Questioning the NCAA’s decision making

by Travis Normand

After yesterday’s announcement by the NCAA that it was levying heavy penalties against Penn State University, I have been scratching my head trying to figure out how to respond. 

I still plan on coming up with my own personal response to this mess, but in the mean time, I am thrilled to see what some of the nation’s top college football writers have said.  While my own thoughts are not completely formulated yet, I know which way I am leaning, and it’s not in the same direction as the NCAA.

I have never been very critical of the NCAA, but I may have to make an exception this time (as no one is perfect). 

Here is what others have written about Penn State’s NCAA sanctions:

1) Penn State penalties: NCAA credibility plunges ahead of announcement, by Matt Hayes, college football writer for, 22 July 2012 – Link:

Here’s a few more words for you: disingenuous. Grandstanding. Blowhard.

Excuse me if I can’t get excited about an organization that saw Ohio State players accept cash in envelopes after coach Jim Tressel’s lies and illegal benefits for players were exposed, but said lack of institutional control wasn’t an issue.

If I can’t get excited about an organization that knew Cecil Newton was shopping his son, Cam, to Mississippi State — yet let him continue to play at Auburn (and eventually win a national championship) — because it had no rule prohibiting parents from shopping their offspring to the highest bidder.

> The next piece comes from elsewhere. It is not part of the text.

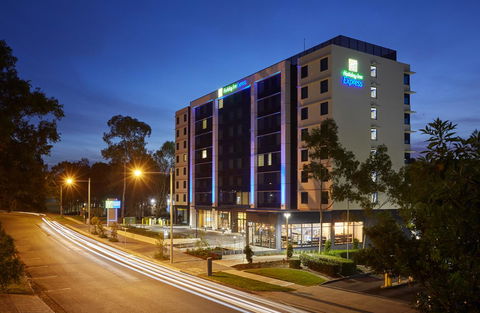 Holiday Inn Express Sydney Macquarie Park, An IHG Hotel - Gold Coast 4U 3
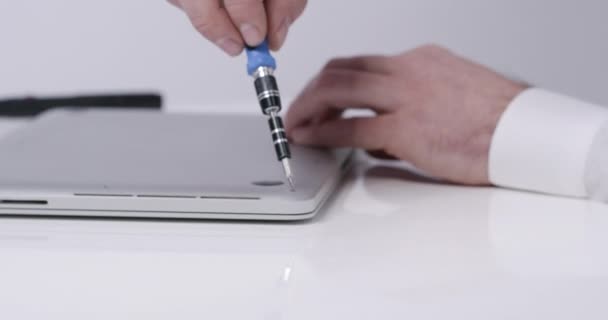 Служащий Ремонта Ноутбука Магнитной Отверткой Инструмент Белой Стеной Лаборатории — стоковое видео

If I can’t get excited about an organization that knows street agent Willie Lyles was paid $25,000 by Oregon for useless recruiting information; that knows Lyles was the “mentor” for five-star recruit Lache Seastrunk; that knows Oregon coach Chip Kelly lied when asked by a newspaper if he knew Lyles (Kelly later said, we call him ‘Will’); that knows Kelly told Lyles he needed more recruiting information from Lyles after the fact, yet we’re more than a year into the Oregon investigation with no end in sight.

If I can’t get excited about an organization that looked at quite possibly the worst case of NCAA infractions in the history of the sport at North Carolina — in its depth and breadth of clear, indisputable illegal benefits and academic fraud issues — and decided it wasn’t as destructive as a Southern Cal assistant coach who the NCAA claimed “knew or should have known” Reggie Bush was getting illegal benefits.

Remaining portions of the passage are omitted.